A telephone poll commissioned by the staff of Ehud Barak, who is currently not in the government but is hoping to enter through the backdoor of the Labor primaries (May 28), showed that most Labor central committee members (they elect the leader of the party) oppose early elections. This is good politics. Elections now will bring the Likud to power. Holding on helps both Kadima and the Labor Party.

Given that Labor has quite a bit to lose from early elections, does the party still have leverage over Olmert - i.e., can it threaten to pull out of the coalition unless certain conditions are met? It all depends on the ability of Labor to convince Olmert that he has more to lose from elections than it does.

To outflank the threat from his left, Olmert has been making overtures to the Likud on the right - offering Netanyahu the defense ministry in exchange for a promise to stay loyal until the end of next year, thus giving Kadima a chance to recover and perhaps to neutralize the Likud. Bibi has rejected this offer, but who knows what backroom negotiations are currently taking place. Netanyahu knows that he can replace Olmert if the government falls and elections are called.

Despite Netanyahu's hardline stance against Olmert and his previous statements in public, it is possible that the prime minister will try to assemble a right-wing coalition of
Kadima (29) + Likud (12) + Shas (12) + Yisrael Beitenu (11) + Pensioners (7) + United Torah Judaism (6) = 77,
which is just one seat less than the current coalition.

But the prospect of sitting in the same government as the Likud might be enough to provoke a second go at a palace coup by Livni, Peres, and Dalia Itzik.

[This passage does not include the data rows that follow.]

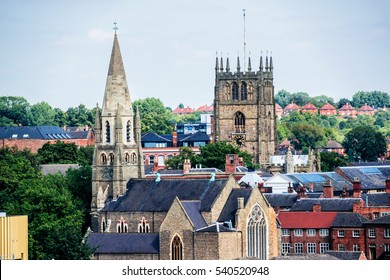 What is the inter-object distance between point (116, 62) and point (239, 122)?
3284cm

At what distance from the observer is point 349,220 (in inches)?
2302

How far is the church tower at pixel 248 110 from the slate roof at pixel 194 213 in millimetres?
39128

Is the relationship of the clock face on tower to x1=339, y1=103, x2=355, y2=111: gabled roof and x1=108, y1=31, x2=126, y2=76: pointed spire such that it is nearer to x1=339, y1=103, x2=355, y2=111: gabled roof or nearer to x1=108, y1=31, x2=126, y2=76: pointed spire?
x1=108, y1=31, x2=126, y2=76: pointed spire

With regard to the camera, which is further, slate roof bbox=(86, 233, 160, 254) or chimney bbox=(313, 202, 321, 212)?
chimney bbox=(313, 202, 321, 212)

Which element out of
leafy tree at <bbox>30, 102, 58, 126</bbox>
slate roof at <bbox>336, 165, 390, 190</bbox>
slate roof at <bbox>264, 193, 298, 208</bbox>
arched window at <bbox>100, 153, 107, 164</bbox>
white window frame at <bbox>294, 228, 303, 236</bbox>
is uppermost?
leafy tree at <bbox>30, 102, 58, 126</bbox>

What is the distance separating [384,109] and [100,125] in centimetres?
9684

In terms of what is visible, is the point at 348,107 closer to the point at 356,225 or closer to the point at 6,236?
the point at 356,225

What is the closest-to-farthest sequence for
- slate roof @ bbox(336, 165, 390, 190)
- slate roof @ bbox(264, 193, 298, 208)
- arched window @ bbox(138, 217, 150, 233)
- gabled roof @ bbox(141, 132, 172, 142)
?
arched window @ bbox(138, 217, 150, 233), slate roof @ bbox(264, 193, 298, 208), slate roof @ bbox(336, 165, 390, 190), gabled roof @ bbox(141, 132, 172, 142)

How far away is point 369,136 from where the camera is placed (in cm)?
11425

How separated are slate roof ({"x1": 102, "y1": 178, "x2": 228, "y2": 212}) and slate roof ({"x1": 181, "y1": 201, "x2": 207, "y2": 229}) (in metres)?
0.32

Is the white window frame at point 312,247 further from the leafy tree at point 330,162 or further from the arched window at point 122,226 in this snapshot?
the leafy tree at point 330,162

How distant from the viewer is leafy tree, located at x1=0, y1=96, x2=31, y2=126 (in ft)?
366

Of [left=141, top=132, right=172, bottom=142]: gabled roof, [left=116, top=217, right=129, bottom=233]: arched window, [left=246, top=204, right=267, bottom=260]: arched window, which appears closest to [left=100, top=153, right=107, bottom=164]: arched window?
[left=116, top=217, right=129, bottom=233]: arched window

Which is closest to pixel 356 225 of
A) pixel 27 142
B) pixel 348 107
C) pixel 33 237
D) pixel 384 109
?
pixel 33 237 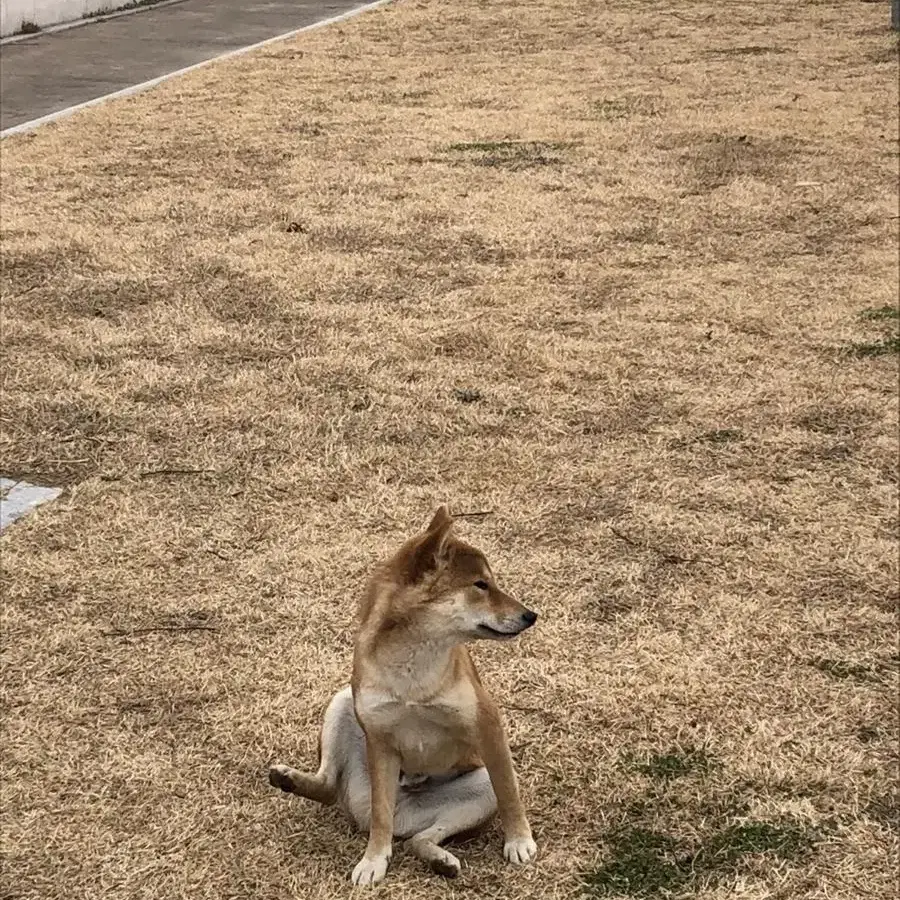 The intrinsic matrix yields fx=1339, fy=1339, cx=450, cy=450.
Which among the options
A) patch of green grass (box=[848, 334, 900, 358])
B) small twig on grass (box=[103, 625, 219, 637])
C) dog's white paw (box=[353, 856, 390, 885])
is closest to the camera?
dog's white paw (box=[353, 856, 390, 885])

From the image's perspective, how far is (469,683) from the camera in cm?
280

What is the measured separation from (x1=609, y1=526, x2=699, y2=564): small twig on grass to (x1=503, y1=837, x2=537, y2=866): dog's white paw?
1.51 meters

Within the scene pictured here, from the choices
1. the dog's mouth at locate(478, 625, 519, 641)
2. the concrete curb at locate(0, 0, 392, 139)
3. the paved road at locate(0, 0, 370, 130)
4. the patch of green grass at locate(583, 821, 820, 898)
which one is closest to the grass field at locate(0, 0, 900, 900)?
the patch of green grass at locate(583, 821, 820, 898)

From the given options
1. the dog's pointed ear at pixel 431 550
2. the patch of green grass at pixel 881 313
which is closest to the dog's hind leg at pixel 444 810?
the dog's pointed ear at pixel 431 550

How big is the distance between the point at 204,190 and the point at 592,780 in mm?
6154

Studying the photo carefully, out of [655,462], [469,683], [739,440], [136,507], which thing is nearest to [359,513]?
[136,507]

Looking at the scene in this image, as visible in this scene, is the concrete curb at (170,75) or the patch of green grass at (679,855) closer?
the patch of green grass at (679,855)

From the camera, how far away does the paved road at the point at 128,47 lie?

There is still a chance that Olmert will succumb to pressure from inside Kadima and allow the formation of a new government with Peres at the helm - but certainly not before the Labor primaries, and probably not until after the Winograd committee releases its final report in the summer. There is, finally, the possibility that the criminal investigation into some of Olmert's dealings will yield some fruit.

The consternation expressed by government sources about U.S. Secretary of State Condoleeza Rice's canceled visit (she was set to come on May 15) can mean one of two things. Either, Rice realized that the proposed list of benchmarks for the PA and Israel are completely unrealistic, and that there is therefore nothing to talk about; or, this is a no-confidence vote in the Olmert government.

Thursday, May 03, 2007

What's going to happen next?

Chameleon holding on for dear life
(Hebrew University, Har ha-tsofim, January 2006)

It's really too bad that none of us were on the ground in Tel Aviv, taking part in and observing the demonstration - we would have gotten a much better sense of the atmosphere. Nevertheless, in response to Ariel's query, I'll put some of my speculation out there.

First, I think that the government will hold on for another month at least.

There is a no-confidence vote scheduled for Monday. I don't think it will garner a majority, despite some of the Labor MKs who will vote against the government. But in another month, the Labor Party will have its primaries, and Peretz will definitely be kicked out.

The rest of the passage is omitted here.